Australian fires are just the beginning

If you haven’t heard of the devastating wildfires that have been plaguing the continent of Australia, you have probably been living in a bubble. Though the fires have been burning since early July, media coverage of the tragic loss of at least 28 lives and millions of flora and fauna has exploded in recent weeks, with politicians and celebrities urging donations to help those affected by the fires. 

According to BBC News, about 10 million hectares have burned across Australia. New South Wales has been hardest hit, with 5 million hectares gone and 2,000 homes destroyed. Walter Jetz, professor of ecology and evolutionary biology at Yale University, stated that at least six species including birds, frogs and fish experienced habitat loss of between 50-100%. 

Some climate deniers like the president of the United States think that meticulously raking underbrush will prevent wildfires. Rupert Darwall, in an op-ed published in The Hill, thinks that land management is solely to blame for these tremendous wildfires and that worrying about climate change is a distraction. It is well-known that climate change creates a hotter and drier climate in already dry areas like California and Australia. Hot, dry conditions are the perfect recipe for wildfires to roar and devastate an ecosystem. 

The Australian wildfires must serve as a wake-up call to governments to enact quick and sweeping environmental legislation. Climate change will cause more frequent and severe wildfires and increased flooding, as we’ve seen in recent years in Western Pennsylvania. 

The effects of these irregular weather patterns will have dire consequences: a myriad of people living in coastal regions will be forced to migrate due to sea-level rise. Something climate deniers should be asking: what will be the effect of millions of displaced populations around the globe? While some are worried about caravans coming to the U.S.-Mexico border, how about 143 million people seeking refuge from the effects of climate change, according to a 2018 World Bank estimate. In contrast, approximately 11 million Syrians emigrated from their home country after 2011. 

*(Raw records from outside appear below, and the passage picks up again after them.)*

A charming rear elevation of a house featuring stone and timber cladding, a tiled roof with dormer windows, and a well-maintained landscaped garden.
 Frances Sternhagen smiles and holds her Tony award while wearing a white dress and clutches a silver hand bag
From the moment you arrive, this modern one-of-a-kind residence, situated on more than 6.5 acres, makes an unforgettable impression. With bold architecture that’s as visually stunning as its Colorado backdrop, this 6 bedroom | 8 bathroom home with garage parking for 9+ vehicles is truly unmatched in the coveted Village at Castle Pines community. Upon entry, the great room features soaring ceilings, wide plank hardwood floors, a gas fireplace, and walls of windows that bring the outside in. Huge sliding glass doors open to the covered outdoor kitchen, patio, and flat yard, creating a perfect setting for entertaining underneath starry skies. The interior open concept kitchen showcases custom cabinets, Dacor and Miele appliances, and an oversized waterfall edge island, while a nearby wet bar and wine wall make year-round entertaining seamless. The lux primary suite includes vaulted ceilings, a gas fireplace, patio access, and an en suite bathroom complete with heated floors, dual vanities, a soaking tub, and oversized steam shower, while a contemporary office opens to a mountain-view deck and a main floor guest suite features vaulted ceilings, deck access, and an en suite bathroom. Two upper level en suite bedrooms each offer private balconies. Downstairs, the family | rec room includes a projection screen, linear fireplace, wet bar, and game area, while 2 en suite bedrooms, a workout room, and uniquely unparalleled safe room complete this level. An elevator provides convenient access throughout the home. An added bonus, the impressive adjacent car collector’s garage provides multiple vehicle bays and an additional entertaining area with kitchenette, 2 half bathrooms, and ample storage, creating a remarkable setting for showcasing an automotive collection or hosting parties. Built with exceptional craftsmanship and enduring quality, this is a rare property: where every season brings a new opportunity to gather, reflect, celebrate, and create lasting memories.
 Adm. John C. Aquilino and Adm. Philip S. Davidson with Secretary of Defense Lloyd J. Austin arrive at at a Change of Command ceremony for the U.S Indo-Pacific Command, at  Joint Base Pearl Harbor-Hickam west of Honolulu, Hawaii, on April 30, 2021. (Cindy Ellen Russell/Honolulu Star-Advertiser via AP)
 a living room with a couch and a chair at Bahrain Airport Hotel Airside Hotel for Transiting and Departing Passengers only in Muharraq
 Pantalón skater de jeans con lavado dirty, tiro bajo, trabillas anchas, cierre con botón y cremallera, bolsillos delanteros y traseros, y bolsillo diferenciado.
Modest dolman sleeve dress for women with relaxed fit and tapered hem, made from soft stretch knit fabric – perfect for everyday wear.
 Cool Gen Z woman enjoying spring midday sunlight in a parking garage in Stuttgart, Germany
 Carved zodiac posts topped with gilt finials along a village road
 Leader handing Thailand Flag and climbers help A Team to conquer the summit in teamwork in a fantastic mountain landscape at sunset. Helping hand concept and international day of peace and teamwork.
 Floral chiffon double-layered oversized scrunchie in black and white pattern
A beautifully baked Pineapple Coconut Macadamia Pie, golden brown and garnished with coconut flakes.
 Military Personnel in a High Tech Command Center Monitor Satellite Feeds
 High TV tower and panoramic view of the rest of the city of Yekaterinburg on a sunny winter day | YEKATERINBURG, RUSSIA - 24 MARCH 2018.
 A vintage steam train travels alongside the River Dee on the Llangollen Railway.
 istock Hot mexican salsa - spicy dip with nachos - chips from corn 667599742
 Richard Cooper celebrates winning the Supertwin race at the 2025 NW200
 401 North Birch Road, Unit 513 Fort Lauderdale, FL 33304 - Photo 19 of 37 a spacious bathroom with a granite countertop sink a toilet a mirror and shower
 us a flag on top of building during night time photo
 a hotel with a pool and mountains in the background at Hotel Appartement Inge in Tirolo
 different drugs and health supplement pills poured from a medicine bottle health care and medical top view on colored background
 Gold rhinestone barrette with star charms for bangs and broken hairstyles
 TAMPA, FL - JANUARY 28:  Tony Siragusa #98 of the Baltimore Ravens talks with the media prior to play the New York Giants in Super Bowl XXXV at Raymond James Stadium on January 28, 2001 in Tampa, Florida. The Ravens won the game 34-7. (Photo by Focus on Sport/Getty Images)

But why aren’t Americans more alarmed about this? Perhaps it’s because they don’t even know about it. 

The media’s lack of climate coverage is nothing new. Political controversies including the ongoing impeachment trial of Donald Trump constantly dominate the news cycle. It seems to take a 16-year-old from Sweden, or the toxicity of debate surrounding the Green New Deal, to get any sort of coverage of climate change. 

Thus, the largest issue getting people to support climate mitigation is the hyper-politicized nature of words like “carbon,” “warming” and “coal.” Climate change isn’t political. It’s personal. 

More people will die and lose their way of life as a result of rising temperatures. So, it’s understandable that people are hesitant to believe the “doom and gloom” nature of environmental politics. And if they do buy it, it’s hard to get out of the psychology of despair or learned hopelessness. 

That’s not the approach we need. We need to garner widespread media coverage of youth, like those involved with the Sunrise Movement. This will help educate the public about the problem, but more importantly, the solutions and ideas that will propel society into an economically and environmentally sustainable era. 

Much like the coverage of mass shootings, which relies on tragedy to strike first and a reactionary response from social media, climate disasters seem to follow the same pattern. While it is of utmost importance that people help Australian victim of the wildfires, why don’t we talk about how the fires are not surprising? We must end the cycle of tragedy, an outraged reaction and then no further action. 

Nothing perpetuates nothing. 

No action perpetuates the status quo. The status quo is becoming that people across the globe lose their livelihoods and their lives in exchange for short-term economic growth. The solution is not thoughts and prayers. The solution is a well-thought-out policy that will equally benefit our economy, health and environment.

Instead of donating a measly $690,000 to help Australians, perhaps the multi-billion dollar Amazon corporation could reduce climate impacts in its global supply chain. Instead of suggesting that “poor land management” is to blame for fires, we must re-examine our management of unceasingly pumping heat-trapping gases into the atmosphere. We must be able to communicate with those who don’t understand the magnitude of the threats that are before us. We must be able to speak in a non-condescending way which is relatable to evoke a personal response to the environment.

Because, if we don’t, you’d better believe that the Australian wildfires are only the beginning of what catastrophes are to come.